We hear it all the time: “Great customer service” claims touted in TV commercials, magazine ads and wherever else an advertising exec can catch our attention. Whether it be for auto insurance, cell phone service or satellite TV service, it matters not, a service business will say they have it. Of course, each claim of fantastic customer service goes unquestioned, as if simply saying it makes it true.
When Customer Service Becomes Customer Contempt
I got to thinking about that this past weekend after reading a stunning story about an auto insurance brokerage with offices all over the place. They are called Adriana’s and they had what was a very, err… notable customer service faux pas. It seems they settled an assault complaint with an elderly man. Yes, their representative is said to have assaulted a potential customer. Worse yet, it was an ELDERLY potential customer. Of course, I don’t know what happened in their office that day. Also, it would be easy to imagine that perhaps Adriana’s had a bad apple in their employ. That’s not the end of it though. What happened after they settled the matter is what’s really eye opening. Rather than make try to make amends, apologize and/or demonstrate how such a thing should never be tolerated, they instead let their real ‘character’ shine through. They paid the poor man in coins. Buckets upon heavy buckets of change. Clearly they meant to double down on the type of attitude that demonstrates not ‘customer care’ but rather ‘customer contempt’. The same attitude that might create an environment where assault allegations might arise, for example.
Customer Service Is Disappearing All Over
While an extreme example, that incident is telling of a far greater problem. Widespread throughout our society and economy, the feeling that “the customer is there for our benefit, we are not there for theirs”. “Our convenience and profits are more important than serving our customers” quickly becomes “Our time is more valuable than theirs.” If I wanted to demonstrate this attitude, I could easily call a large insurance company. For demonstration purposes I’ll call them… oh I don’t know.., The Lizard Insurance Company. (Keep in mind this lizard should not be taken to represent any actual lizard, living or dead, English accent or not. Furthermore, no lizards were harmed during the making of this point.) Call The Lizard 1,000 times and the phone will be answered by a computer 1,000 times. To make this point, I tried, err… I WOULD try calling their “customer service” line. It would take me a full 1 minute and 55 seconds and half-a-dozen steps doing the “Touch Tone Tango” just to get a live human. That’s two minutes of wasted customer time for each similar call they get from a customer wanting to speak to someone. Could a large corporation (wealthy enough to hire the world’s only talking lizard, no less) afford to hire a few people to answer the phone right off the bat and direct them to the proper department? You bet that they could. Would it waste far less of their customers’ time and provide a much better customer experience? You bet that it would. Unfortunately, someone there decided they could save a few bucks by letting a computer do the job. They decided that inconveniencing their customers was worth it, that the customers’ time is worth less than theirs. While this doesn’t rise to the level of customer contempt, it could certainly be argued that it devalues the time of the customer. Essentially, it is a move towards self-service as opposed to customer service.

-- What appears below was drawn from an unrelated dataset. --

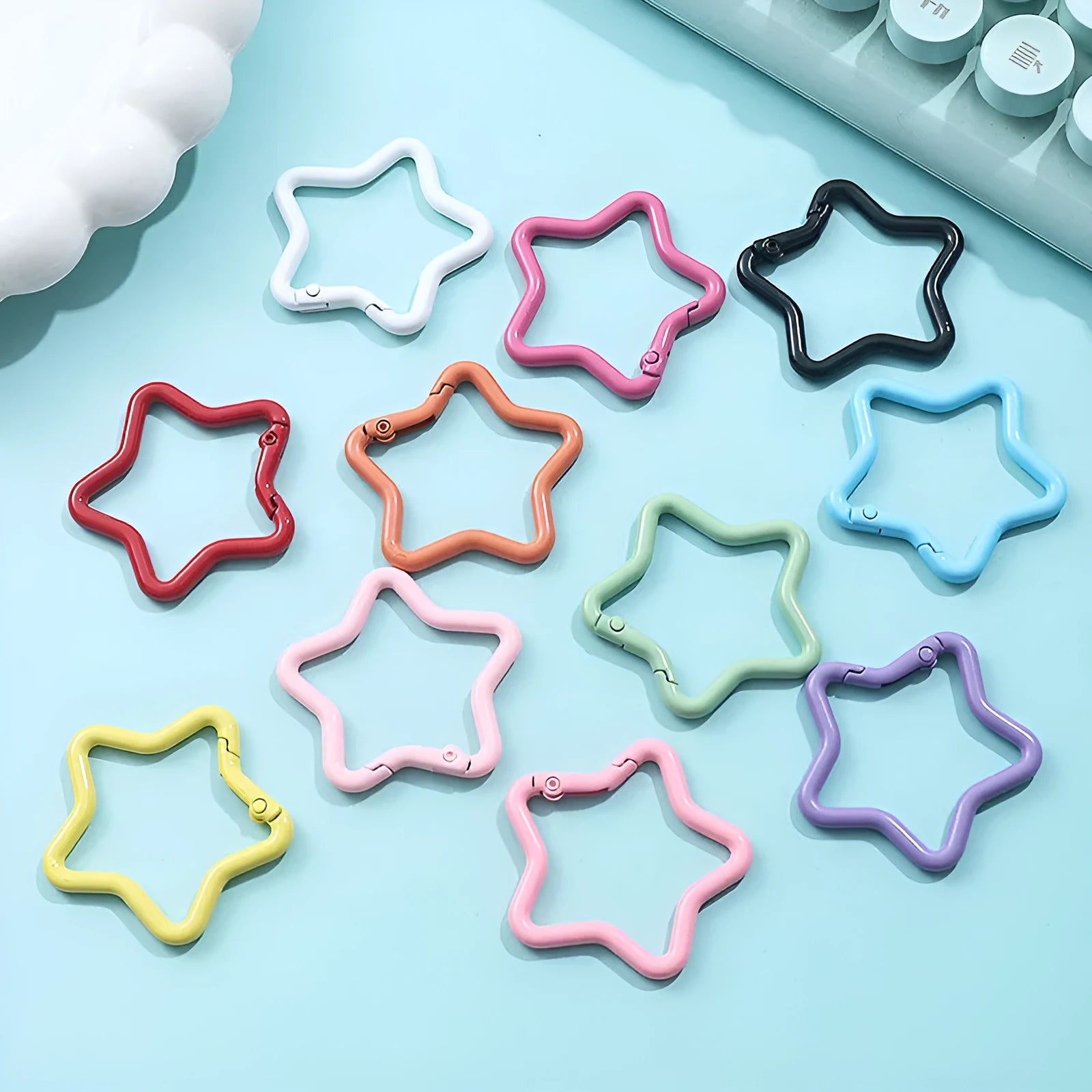 Zinc alloy five-pointed star keychain charm in multiple colour options on a keyring.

Truth be told, it’s a stretch even call those automated systems “customer service“. After all, their very purpose is to prevent you from talking to a human being. If you are able to navigate their system for 4-5 minutes to answer your own question as opposed to the 30 seconds it might take one of their call center employees to answer the same question, the better for them. They save money if they move the service burden from themselves to the customer. And after all, none of us really knows how much money it takes to keep a lizard flush with crumpets. The big takeaway though, they are trying to avoid customer service, not provide it.
How Their Customer Service Attitude Can Cost YOU Money
However, a third example again from my own industry to find the same attitude costing people not only time, but money. If you read my previous article regarding auto insurance broker fees, you will probably take from that that I view most broker fees that are charged as customer abuse, pure an simple. Preying on the unsophisticated, some agencies will charge hundreds of dollars in fees from a customer for things like starting a policy, making a change and even taking a payment. Why do they charge these fees? Quite simply, because they can. So this is yet another example of how a business loses its customer focus and instead focuses on itself.
Where Does Great Customer Service Come From?
The best run companies realize that it is the customer who makes their very existence possible. They make sure their culture reflects the knowledge that serving customers is the reason for their efforts, not a distraction from them. Until they weave this philosophy into the very fabric of their culture, their promises of “great customer service” ring hollow. Customers recognize superior customer service as well and will develop brand loyalty and become repeat customers for years to come. They recognize the difference between a company that focuses on them versus a company that simply focuses on their money.